Last week, I wrote provided 5 tips for working with an everyday narcissist, and this week, I finish up with another set of 5 straightforward suggestions. Most of us want drama-free workplaces, but find it challenging when a narcissist is involved. With some skillful attention, though, you can rise to the occasion.
Here are five additional ways to operate more effectively with a narcissist:
1. Focus on effectiveness for your own self at work.
Remember your big picture goals. When you are in calm state, devise strategies to maintain your calm when your buttons, inevitably, get pushed. Know that you have more emotional skills and it’s up to you to use them on your own behalf.
Resenting a narcissist for being the way she is won’t change a thing. It’s like resenting a houseplant for being a plant – it is what it is. You can learn to be effective, whereas a narcissist does not internalize emotional learning and is unlikely to change much.
2. Plan ahead for interactions, be prepared. Practice different approaches.
Once you understand the predictable behaviors of the narcissist at work, you can practice with a variety of ways of interacting. See what works best for you.
3. Apply these four words to your interactions with the Narcissist at the workplace: Effectiveness. Diplomacy. Compassion. Equanimity.

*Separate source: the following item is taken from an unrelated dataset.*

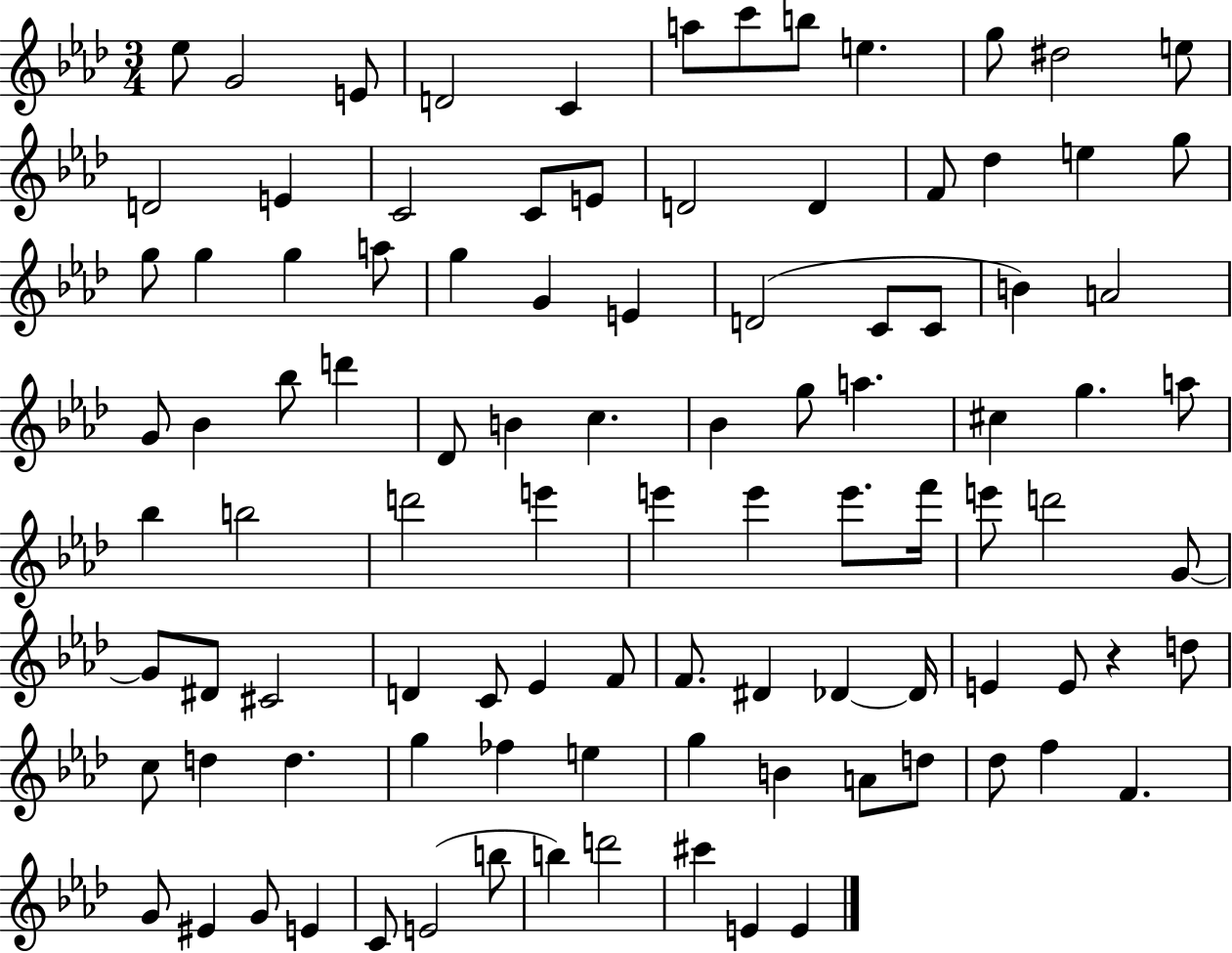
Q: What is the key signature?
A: AES major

Effectiveness – be effective on your own behalf
Diplomacy – stay calm and thoughtful not triggered and mad
Compassion – a narcissist did not choose this way of being
Equanimity – emotions come and go, seek calm
4. Accept that certain elements of the narcissist’s being are the way they are and that they will not change.
Do not bother trying to change these the behaviors that arise as a result of the narcissist’s non-conscious framework. A narcissist is unaware of the effect they have on others.

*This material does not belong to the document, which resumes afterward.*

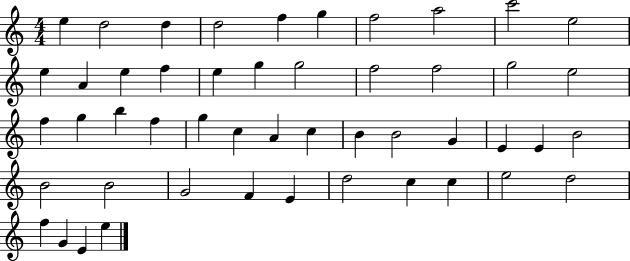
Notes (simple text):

E5/q D5/h D5/q D5/h F5/q G5/q F5/h A5/h C6/h E5/h E5/q A4/q E5/q F5/q E5/q G5/q G5/h F5/h F5/h G5/h E5/h F5/q G5/q B5/q F5/q G5/q C5/q A4/q C5/q B4/q B4/h G4/q E4/q E4/q B4/h B4/h B4/h G4/h F4/q E4/q D5/h C5/q C5/q E5/h D5/h F5/q G4/q E4/q E5/q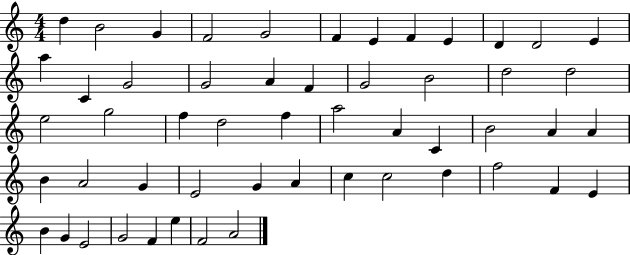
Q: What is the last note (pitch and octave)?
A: A4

Hoping for change is not a great use of your energy. It denies the reality of the situation and keeps you from developing effective interaction skills.

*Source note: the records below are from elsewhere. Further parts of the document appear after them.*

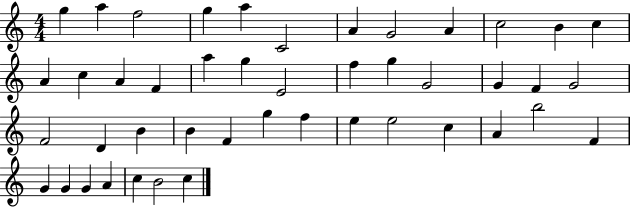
{
  \clef treble
  \numericTimeSignature
  \time 4/4
  \key c \major
  g''4 a''4 f''2 | g''4 a''4 c'2 | a'4 g'2 a'4 | c''2 b'4 c''4 | \break a'4 c''4 a'4 f'4 | a''4 g''4 e'2 | f''4 g''4 g'2 | g'4 f'4 g'2 | \break f'2 d'4 b'4 | b'4 f'4 g''4 f''4 | e''4 e''2 c''4 | a'4 b''2 f'4 | \break g'4 g'4 g'4 a'4 | c''4 b'2 c''4 | \bar "|."
}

5. Have low expectations regarding a narcissist’s people skills.
Management remedies that include vague “improve people skills” goals will not make a difference. A narcissist relies on an internalized set of social rules to navigate the world. If the behaviors a narcissist uses are ill matched to your work culture, then you can provide the narcissist clarity about how to behave otherwise in order to gain the positive attention he seeks. A narcissist needs to be told exactly what is expected, and the consequences of not meeting expectations. Consequences must be employed directly and consistently until a narcissist learns new ways of interacting.
The more you tap into the power of “effective pro-active relief” behaviors, the less you will fall for the invitation to drama, and the more you will feel at ease in your workplace.